Fountain, at Monroe County Community College |
The argument can be stated this way.
- The fine-tuning of the universe is due to either physical necessity, chance, or design.
- It is not due to physical necessity or chance.
- Therefore, it is due to design.
Almost everything about the basic structure of the universe – for example, the fundamental laws and parameters of physics and the initial distribution of matter and energy – is balanced on a razor’s edge for life to occur.
Our fine-tuned universe is an event that demands to be explained.
Examples of fine-tuning
- If the initial explosion of the big bang had differed in strength by as little as one part in 10\60, the universe would have either quickly collapsed back on itself, or expanded rapidly for stars to form.

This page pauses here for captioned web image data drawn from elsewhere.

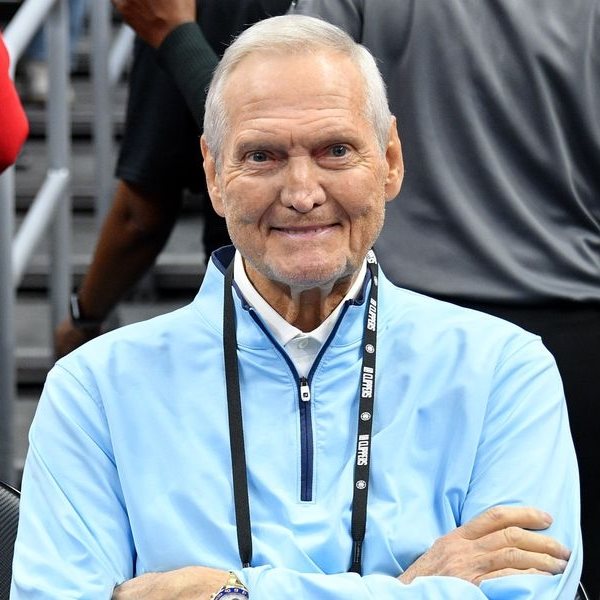 Jerry West, δε θα υπάρξει άλλος σαν εσένα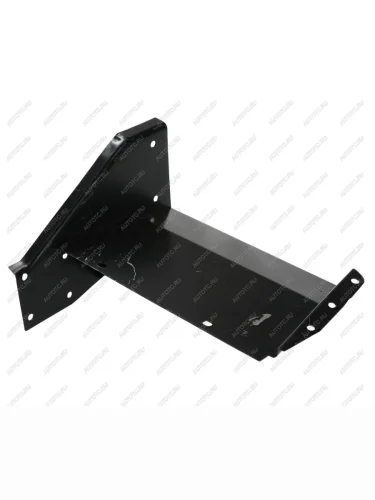 Панель МАЗ подножки правая в сборе ПТК ПТК 6422-8405010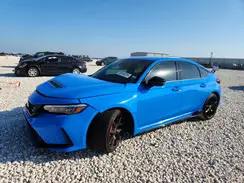 JHMFL5G45TX000299 2026 HONDA CIVIC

In either case, life would be impossible. (An accuracy of one part in 10 to the 60th power can be compared to firing a bullet at a one-inch target on the other side of the observable universe, twenty billion light years away, and hitting the target.)
- Calculations indicate that if the strong nuclear force, the force that binds protons and neutrons together in an atom, had been stronger or weaker by as little as five percent, life would be impossible.
- If gravity had been stronger or weaker by one part in 10\40, then life-sustaining stars like the sun could not exist. This would most likely make life impossible.
- If the neutron were not about 1.001 times the mass of the proton, all protons would have decayed into neutrons or all neutrons would have decayed into protons, and thus life would not be possible.
- If the electromagnetic force were slightly stronger or weaker, life would be impossible, for a variety of different reasons.
Premise 1 seems to exhaust the alternatives. The soundness of the argument depends on the plausibility of premise 2.
Premise 1
Can cosmic fine-tuning be plausibly attributed to physical necessity?
By “physical necessity” we mean: the constants and quantities must have the values they do. If this is true, there was really no chance of the universe’s not being life-permitting.
But this alternative seems extraordinarily implausible. Because it requires us to believe that a life-prohibiting universe is physically impossible. But surely a life-prohibiting universe seems possible. That, e.g., the universe might have expanded just a bit more slowly does not seem physically impossible.
A person who claims that the universe must be life-permitting is taking a radically position that requires strong proof. But as of now there is no such proof.
NOTE: support for the idea of “physical necessity” being false is given, inadvertently, by multiverse theorists. Such theorists use multiverse thinking to show that, while nearly all possible universes are life-prohibiting, it’s possible that one or more could be life-permitting.
Can cosmic fine-tuning be plausibly attributed to chance?
Philosopher John Leslie gives an example, as an analogy, to show the implausibility of the universe coming into existence by chance.
Suppose you line up against a wall and 50 sharpshooters take aim at you and fire. All of them miss. This event demands an explanation, for their missing me is needed for my survival.
I shouldn’t at all be surprised that I observe that all the bullets missed me, since I am alive to observe that they did all miss me. There is nothing improbable about that at all.
But I should be very, very surprised that in fact all the bullets missed me. That seems very, very improbable.
It seems reasonable to infer: design. That is: the sharpshooters missing me was planned for my continued existence.
This is a case of “inference to the best explanation.”
Analogically, the fact of the fine-tuned universe means the universe is life-allowing rather than life-prohibiting. This is very imporbable on atheism. This is not improbable on theism.